I asked the class if anyone knew, who in downtown Utrera, had the new pet rooster.  They all told me that I was crazy, because no one who lived in a downtown home would own a rooster and, besides, none of them had heard it.  I argued that I have heard of stranger animals being taken on as pets, and of course they wouldn’t hear it since they all slept with their windows and shutters drawn--besides, nothing could wake them at the crack of dawn since they had just gone to bed at 3 am!!!  My argument didn’t change the fact that the class continued to consider me the Loca Americana, who was now imagining that she heard farm animals in town.
Later that afternoon when returning to our flat from the eastern part of the pueblo, I cut down the little cobblestone street where the three little triplets lived.  I never knew the family’s name, or the name of the street, but whenever I talked about the street where the triplets live everyone knew who and where I was talking about.  As I walked by the gate that lead to their indoor patio I suddenly heard a cock-a-doodle-doo.  I should have guessed; it was these three little terrors that owned the new pet.  At least the mystery was solved, and I would be able to save face at Pilates.
But wait, bright and early the next morning, out to the west my morning serenade began.  How could this be, I knew he was living at the triplets house to the east.  I was dying to figure this out, so I called Mari-Carmen.  She lived in the direction from which the roosters’ song came, and asked her if she had heard anything.  She said that that morning she had heard it for the first time, but that she would figure out what was going on.  If there was anyone who could figure out this mystery it was Mari-Carmen, as she seemed to know everyone and everything that went on in Utrera.
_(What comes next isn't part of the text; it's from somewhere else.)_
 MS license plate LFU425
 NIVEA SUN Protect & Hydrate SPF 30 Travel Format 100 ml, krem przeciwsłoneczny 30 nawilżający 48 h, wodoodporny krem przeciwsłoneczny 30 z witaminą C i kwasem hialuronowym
I waited and waited to hear from Mari-Carmen, but she never got back to me.  She probably had more important things to deal with and than an American wanting to know about a loose cock.  Besides, there was nothing we could do about it.
I would continue to hear the rooster each morning, but the sound continued to shift.  Mark, being the engineer that he is, tried to convince me that it was the echo and wind that made it sound like it was changing directions.  What did he know, he was always snoring right through the wake up call.  Of course, I eventually grew accustomed to the noise, and it stopped waking me up, that or maybe it even went away.
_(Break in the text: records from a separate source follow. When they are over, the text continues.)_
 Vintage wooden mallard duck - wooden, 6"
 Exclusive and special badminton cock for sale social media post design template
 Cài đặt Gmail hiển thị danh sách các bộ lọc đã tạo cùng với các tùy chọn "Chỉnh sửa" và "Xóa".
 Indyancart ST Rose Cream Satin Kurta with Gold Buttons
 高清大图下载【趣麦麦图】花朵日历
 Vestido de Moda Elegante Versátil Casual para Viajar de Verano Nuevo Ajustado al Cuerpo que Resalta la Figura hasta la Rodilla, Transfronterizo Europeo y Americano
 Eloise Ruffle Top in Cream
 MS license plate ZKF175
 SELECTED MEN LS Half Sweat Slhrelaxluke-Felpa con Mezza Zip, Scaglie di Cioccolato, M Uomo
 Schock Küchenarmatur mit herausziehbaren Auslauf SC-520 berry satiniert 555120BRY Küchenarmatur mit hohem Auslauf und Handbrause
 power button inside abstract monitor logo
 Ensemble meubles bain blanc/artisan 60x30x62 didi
Then several weeks later I was in the check out line at the small local grocery store.  As was typical, the cashier was gossiping about life in Utrera.  Suddenly she started talking  to the lady in front of me.  “You know Ana, right?  Ana Jimenez, the one whose father owns the small farm that is located behind bar on the road to Molares.  Well, last month after a Sunday afternoon in the campo, her father sent her home with a rooster to make some stew.  When she took it up to the roof of her piso to ring its' neck, it escaped and has been flying around from roof top to roof top for the last month and no one can catch it.”
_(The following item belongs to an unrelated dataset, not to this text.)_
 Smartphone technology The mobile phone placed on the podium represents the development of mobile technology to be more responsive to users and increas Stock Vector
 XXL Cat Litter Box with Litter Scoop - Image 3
Had I heard this story several months earlier, I would have rolled my eyes, and chalked it up as Urban Legend.  But for me, it solved the mystery regarding the roaming rooster crow sound waves.  I just hoped that the bird would eventually make its way to our roof so that Chiva could permanently turn off the early morning alarm clock.


4 comments:

  1. Hi Maya, a great story! :) Thanks for the laugh this morning.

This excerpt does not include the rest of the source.